The typical voter who elected Modi was not a Hindu nationalist. He was a young, middle-of-the-road person, who had recently migrated from a village to a small town. He had got his first job and his first cellphone and he aspired to a life better than his father’s. The stocky, selfmade , son of a station chai-walla inspired him with his message of development and governance, making him forget his caste, religion, and village. The young man became convinced that his battle was not against other Indians but against a state that would not give him a birth certificate without paying a bribe.
The chai-walla assuaged his other Indian middle class insecurities. Our young aspirer discovered that he did not have to speak English to get ahead. “If the chaiwalla can aspire to lead our nation without English, there is nothing wrong if I am uncomfortable in it,” he thought. “I too can be modern in my mother tongue.” When he witnessed Modi perform aarti on his television screen in a riveting performance at the Dashashwamedh ghat by the Ganga in Varanasi, he felt deeply moved. Suddenly, he did not feel ashamed of being Hindu. The “secular” English speaking intelligentsia had heaped contempt on his “superstitious” ways and had made him feel inferior and inadequate. During his long campaign of political theatre, Modi decolonized his mind and thus bestowed dignity on him.

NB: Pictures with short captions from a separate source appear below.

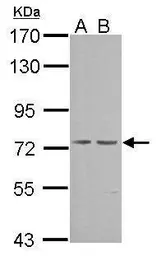 Anti-cGK1 antibody used in Western Blot (WB). GTX101096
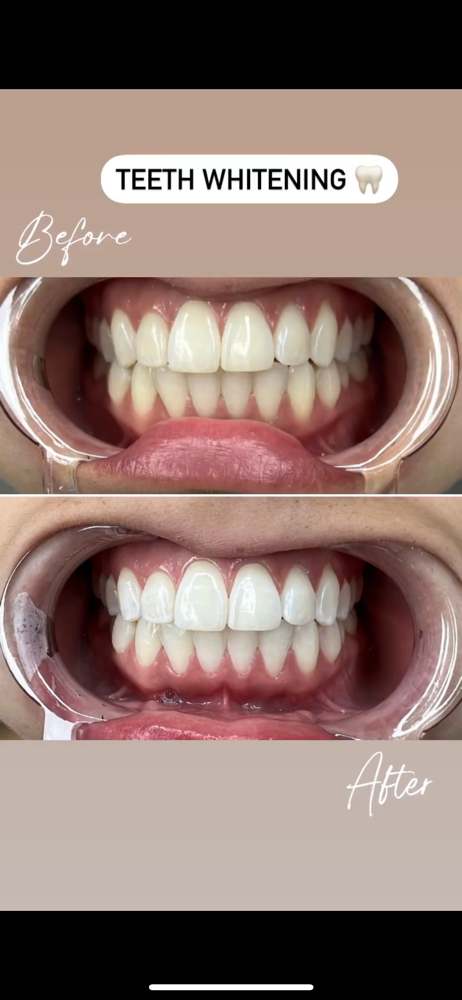 Teeth Whitening 🦷
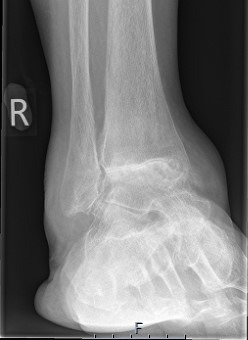 Ankle-Arthritis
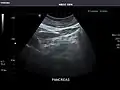 Pancreas
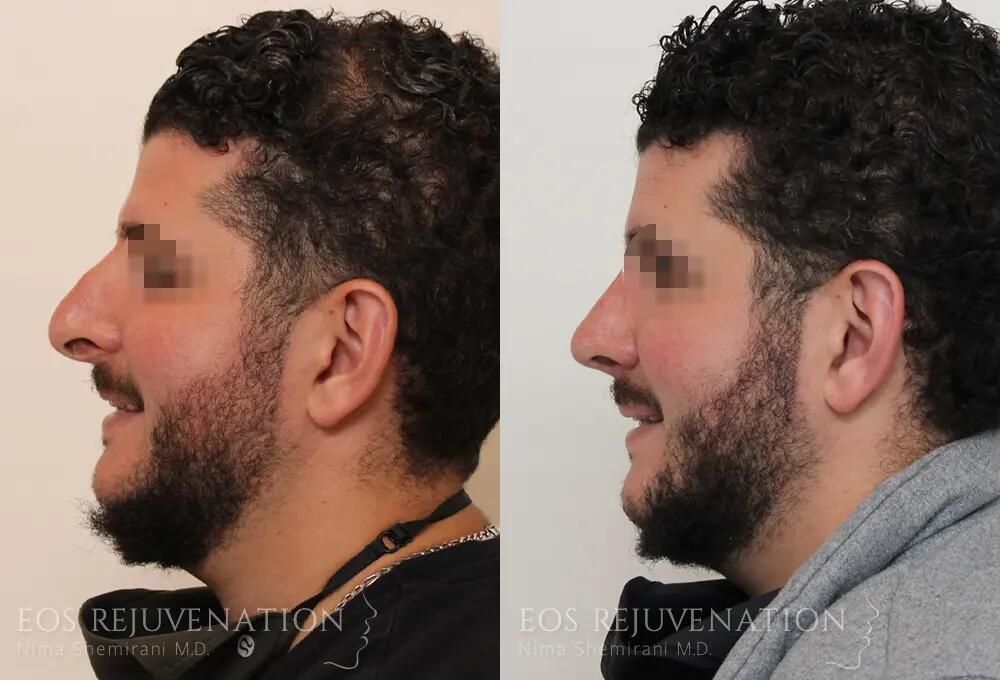 Revision Rhinoplasty Before & After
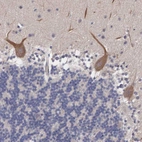 Anti-ABHD4 Antibody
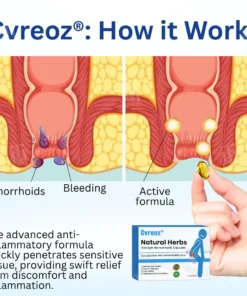 Cvreoz® Natural Herbs Strength Hemorrhoids Capsules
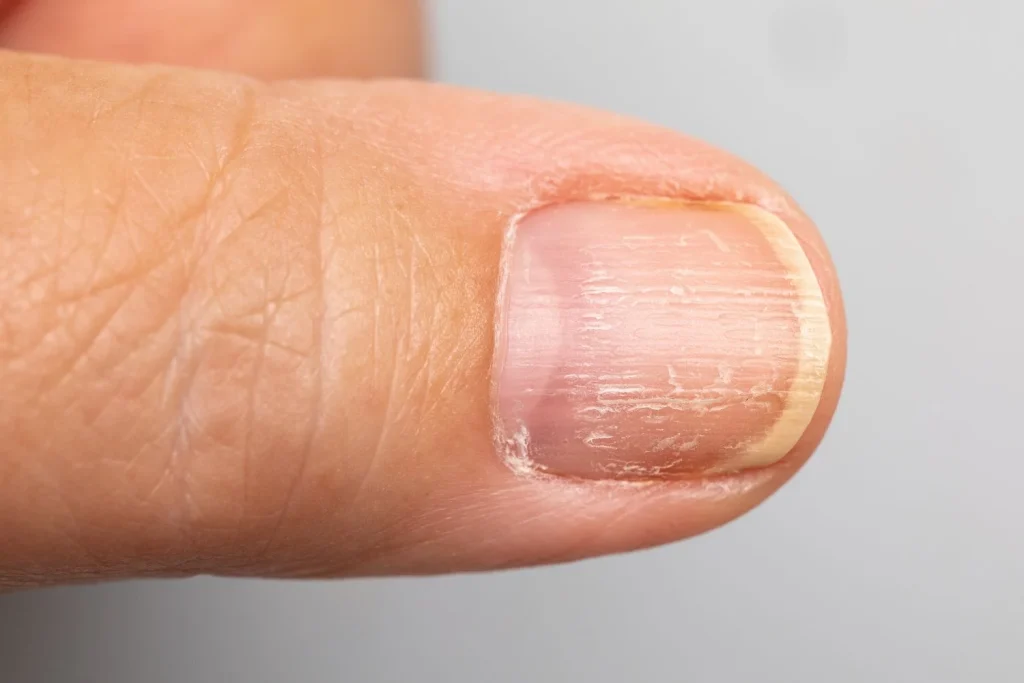 OTROS SÍNTOMAS QUE ACOMPAÑAN A LAS ALTERACIONES EN LAS UÑAS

Modi mentioned the word “development” five hundred times for each time he mentioned “Hindutva”, according to a computer analysis of his speeches by Dr Walter Anderson, a US state department official. For a young person who belongs to the post-reform generation, and who has risen through his own initiative and hard work, “development” is a code word for opportunity in the competitive market place that Adam Smith called a “natural system of liberty” . This system flourishes in Gujarat, and not surprisingly the state is ranked number one on the Freedom Index among all Indian states. The government in this system helps create an enabling environment that allows free individuals to pursue their interests peacefully in an open, transparent market. After that, an “invisible hand” helps to gradually lift people into a dignified, middle class life, raising living standards all around.
Underlying dignity is the freedom that reforms bring when economic decisions move from the offices of politicians and bureaucrats to the market place. When Modi said that we should make development a jan andolan, a mass movement, he legitimized rules-based capitalism (in contrast to crony capitalism). In this respect he is like Margaret Thatcher and Deng who made their people believe in the market. It was the job that a reformer like Manmohan Singh was supposed to perform. But he didn’t even succeed in selling economic reforms to Sonia Gandhi and the Congress party. Modi should learn from his failure and convert the RSS to his “development” agenda, marginalizing its Hindutva agenda. McCloskey explains that the same thing happened in the West in the 19th century when the narrative of middle class aspirations for a better life triumphed over all other narratives as people became comfortable with market institutions.
Unlike the mood of diminished expectations in the West, ours is the age of rising expectations in India. Having attained hard-fought dignity, the aspiring voter is filled with self-confidence after electing Modi. But he is also impatient and unforgiving. If Modi does not deliver on his promises for development and governance, he will not be shy to boot him out at the next election. The ball is in Modi’s court.